Chapter30 对岸之城(10)
视线疏淡地扫过队伍……

    那一眼从她所在的方向掠过,没有停留,也没有刻意避开。

    那种若即若离的礼貌,比直接无视更似一层薄冰:不需要测试厚度,知道踩上去不会出声。

    队伍从河边走起。

    十月的光温柔。

    叶疏晚跟着节奏往前,脚步一点不急,偶尔停下拍窗台上的花,拍桥下停着的船,拍石缝里钻出来的草。

    她很少在工作之外认真端详一个城市,今天像是第一次把自己从“效率”和“交付”里解开。

    林登霍夫小丘的风更高一点,城墙边站着几个弹吉他的年轻人。

    她站在树影里看远处的尖顶,Aria递来一杯热可可,纸杯烫得刚好能暖手。

    午后上Uetliberg。

    山脊的风把云推得很低,城市犹如被谁用橡皮擦轻轻抹过一遍,只剩轮廓。

    她和Aria合照了一张,笑不露齿。

    相机下放的一刻,她听见身后有人走过雪渍未化的窄道,靴底压出干脆的响。

    她没有回头。

    第二天的滑雪安排,很准时。

    雪场入口,人声清清朗朗。

    她第一次扣固定器,多少显得笨拙,手套摸索着扣件,扣上又松开,反复了两次才“咔哒”扣紧。

    教练在前面比划刹车姿势,她一丝不苟地学,膝盖弯曲,重量下压,像在重做一遍“重心—路径—结果”的习题。

    第一趟,她顺利滑出三十米,随后重心一飘,整个人“噗通”坐进雪里。

    冷意透过防水面料直往腰间钻,她吸了口气,忍不住笑……既不丢人,也不委屈,不过是重新站起来。

    第二趟更好一些,她能稳稳刹住。

    第三趟,她试着拐弯,板刃在雪面上刻出一个并不优雅却完整的弧。

    山阴处,有人一直在看。

    程砺舟站在缆车柱影里,镜片后的目光收着光,仿若在做一场不动声色的评估:起步时的迟疑,落刃的角度,摔倒后的反应,手的发力是否会连带肩。

    他并不打算参与,只在一种近乎职业的冷静里“记录”。

    可记录久了,目光的线难免被某个画面牵住……比如她摔倒后不急着拍雪,而是先看一眼前方的坡,再起身;比如她刹住时下颌线的小小绷紧。

    她在下坡末端又败给了“三米定律”,利落地跪倒,手掌撑在雪面上。

    教练刚要过去扶,她已自己起身,动作干脆。

    就这一下,他的指尖微不可察地收紧了一瞬,看得出,她是在用力把一个习惯改掉:不求助,先自救。

    他没觉得好笑,也谈不上欣赏。

    更似某个被精密对准的刻度突然走神了半格,让他出于“把事摆正”的本能,迈出半步。

    那一步落地,他才意识到自己动了。

    他停一下,还是走了过去两步,张口之前,侧面突然插入一个亮色的影子。

    一个金发的男人滑到她身边,停得轻巧。
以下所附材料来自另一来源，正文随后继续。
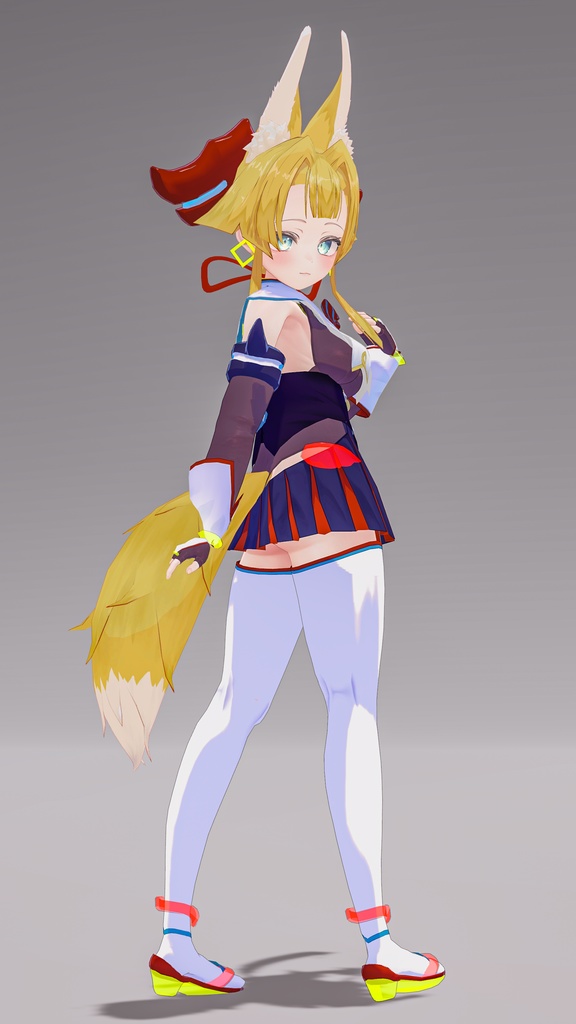 「お狐様女学生 稲荷原」 オリジナル3Dモデル 複数アバター対応衣装同梱 #e62f8b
对方摘下镜片,蓝眼睛在雪光里显得很浅,笑意明亮而直白。

    男人说了句不太标准的“需要帮忙吗”,比了个手势,像是要帮她把雪板重新对直。

    她怔了怔,礼貌地点头,把手从绑带上挪开。

    对方顺势把扣件按稳,又在她肩上比划了下重心推进的方向,语速很快,态度却真诚。

    她听得认真,不时点头。

    程砺舟站在两米外。

    雪面把声音削得很薄,他听不清他们具体在说什么,只能看见她的表情,不拘谨,不防备,也不自卑。

    这让他生出一种不合时宜的烦躁:不是对那男人,也不是对她,而是对“他多出来的那两步”。

    这两步把他从旁观者的位置挪到了参与的边缘,而这个边缘在他的所有秩序里,都不应该存在。

    她重新起步,按照那老外的示范,重心更前,板刃更稳,滑行变得顺畅。

    末端她稳稳刹住,回身朝对方点头致意。

    那男人竖了个大拇指,潇洒一拧腰,沿着另一条道滑走。

    她目送一秒,把帽檐往下一压,转身准备再上缆车。